**Required action:** Give the data again word for word; drop the pictures.

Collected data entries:
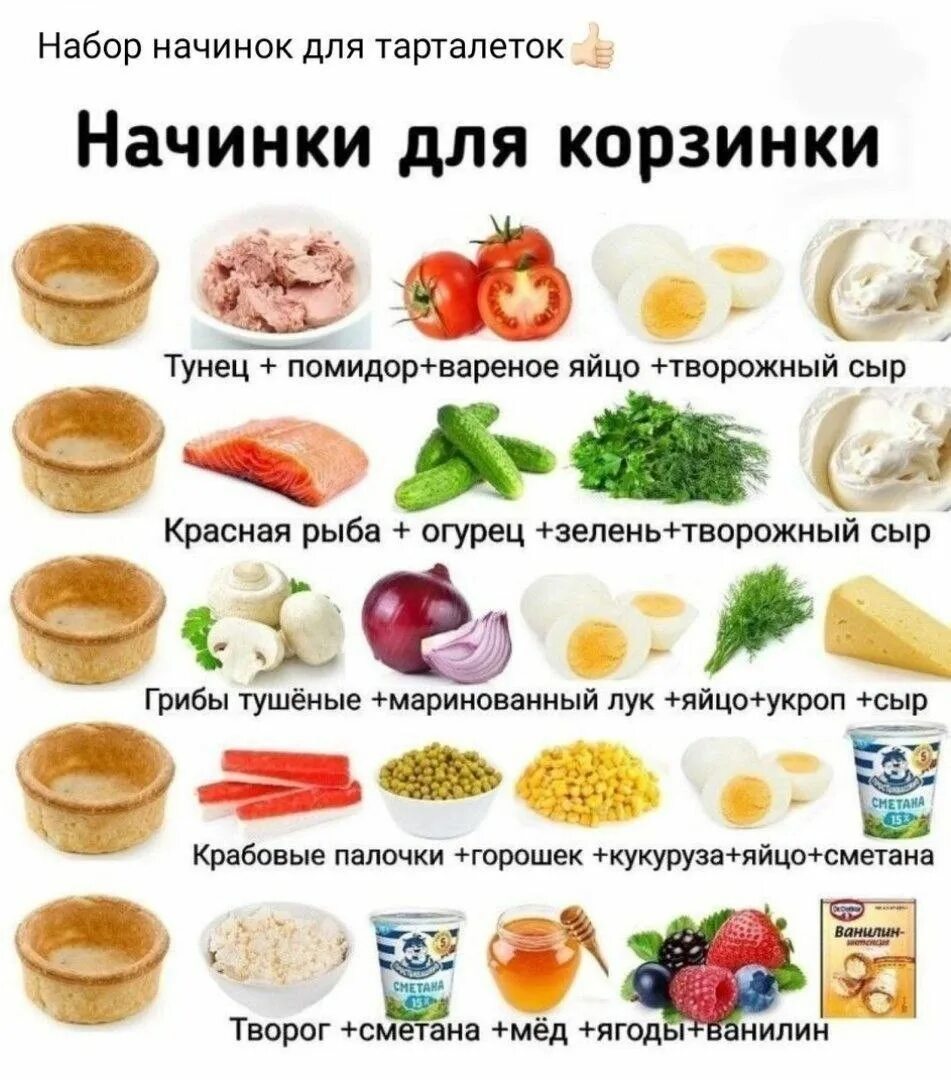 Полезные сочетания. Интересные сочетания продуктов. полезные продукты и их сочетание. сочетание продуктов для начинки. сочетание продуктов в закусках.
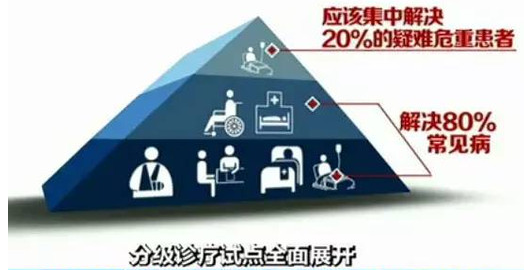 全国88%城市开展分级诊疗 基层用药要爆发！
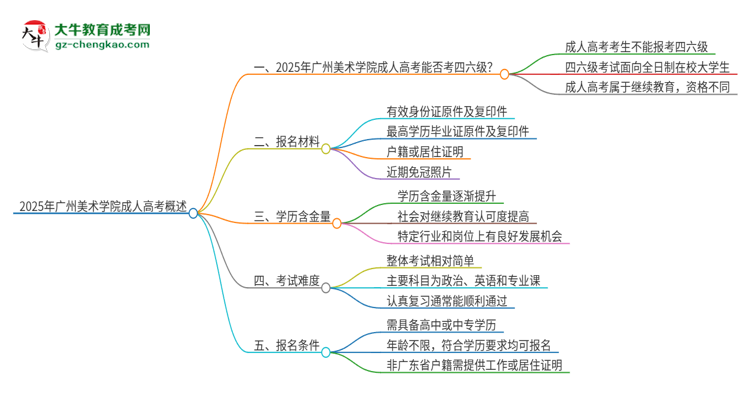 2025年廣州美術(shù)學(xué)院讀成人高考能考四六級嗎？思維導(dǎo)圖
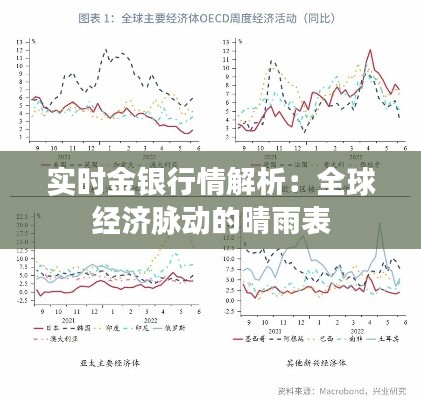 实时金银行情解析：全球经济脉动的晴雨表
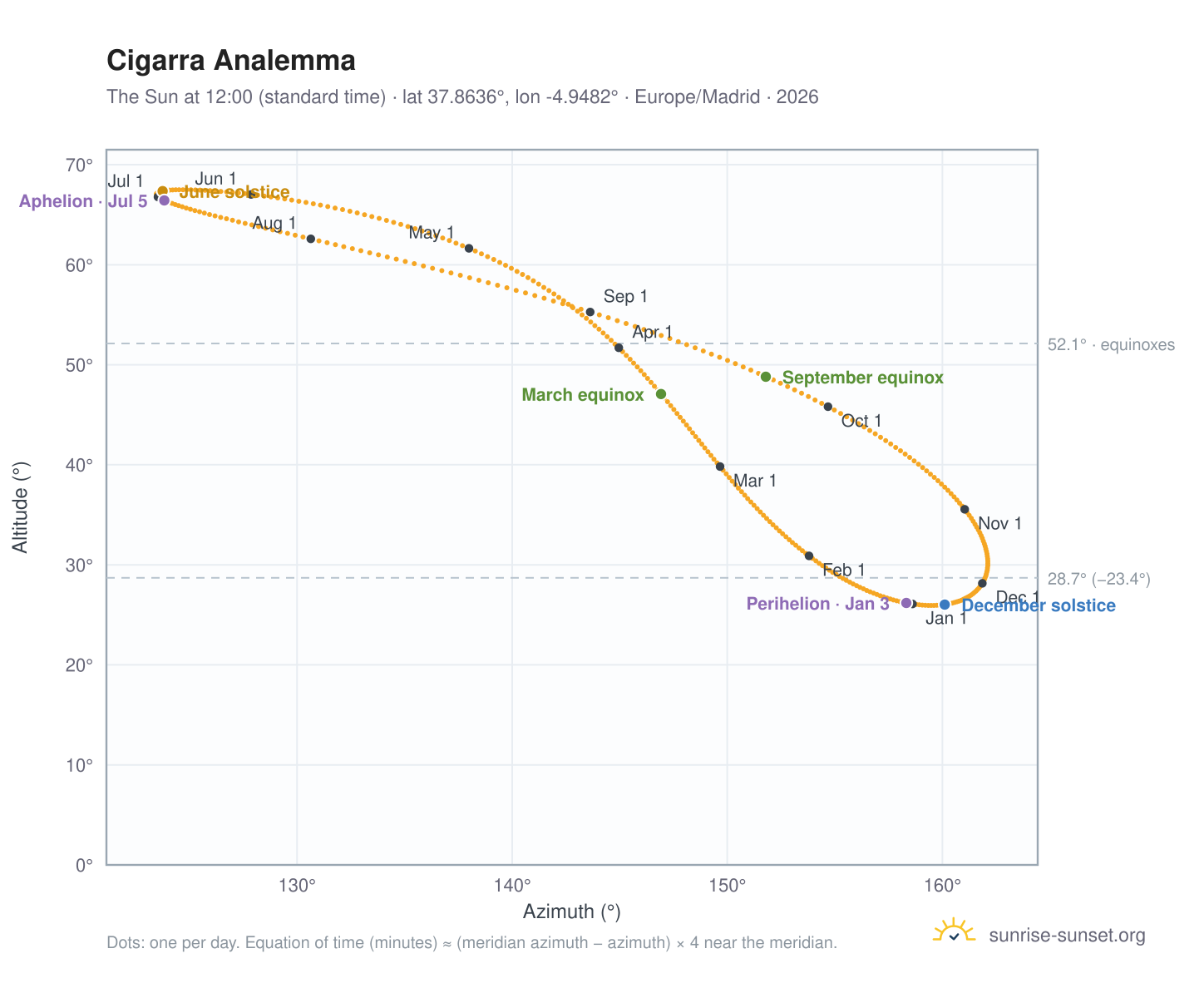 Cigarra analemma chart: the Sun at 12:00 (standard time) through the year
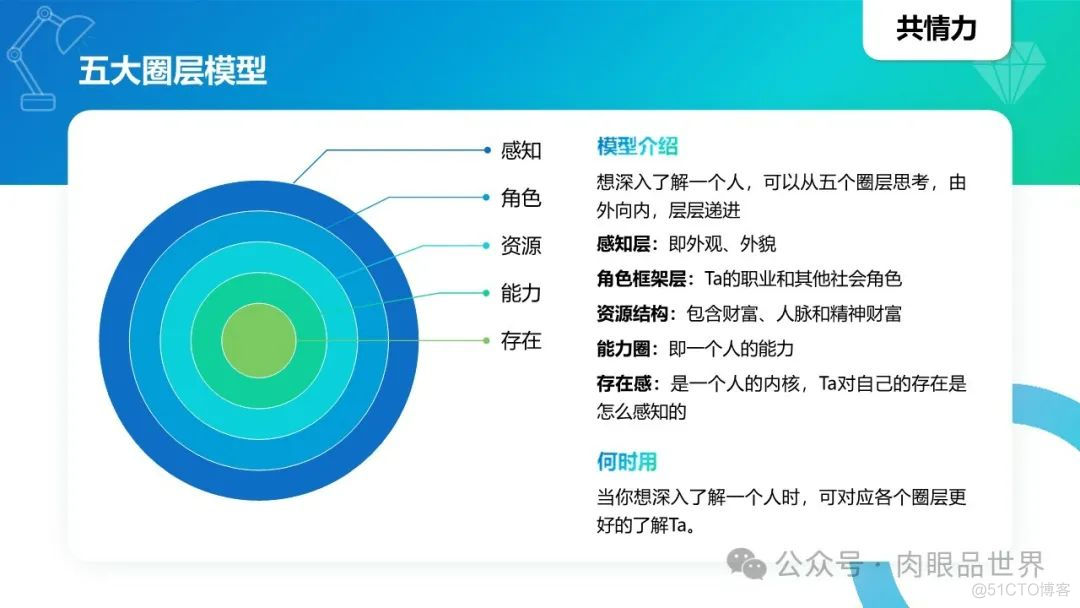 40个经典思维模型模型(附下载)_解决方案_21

**Output:**
 Полезные сочетания. Интересные сочетания продуктов. полезные продукты и их сочетание. сочетание продуктов для начинки. сочетание продуктов в закусках.
 全国88%城市开展分级诊疗 基层用药要爆发！
 2025年廣州美術(shù)學(xué)院讀成人高考能考四六級嗎？思維導(dǎo)圖
 实时金银行情解析：全球经济脉动的晴雨表
 Cigarra analemma chart: the Sun at 12:00 (standard time) through the year
 40个经典思维模型模型(附下载)_解决方案_21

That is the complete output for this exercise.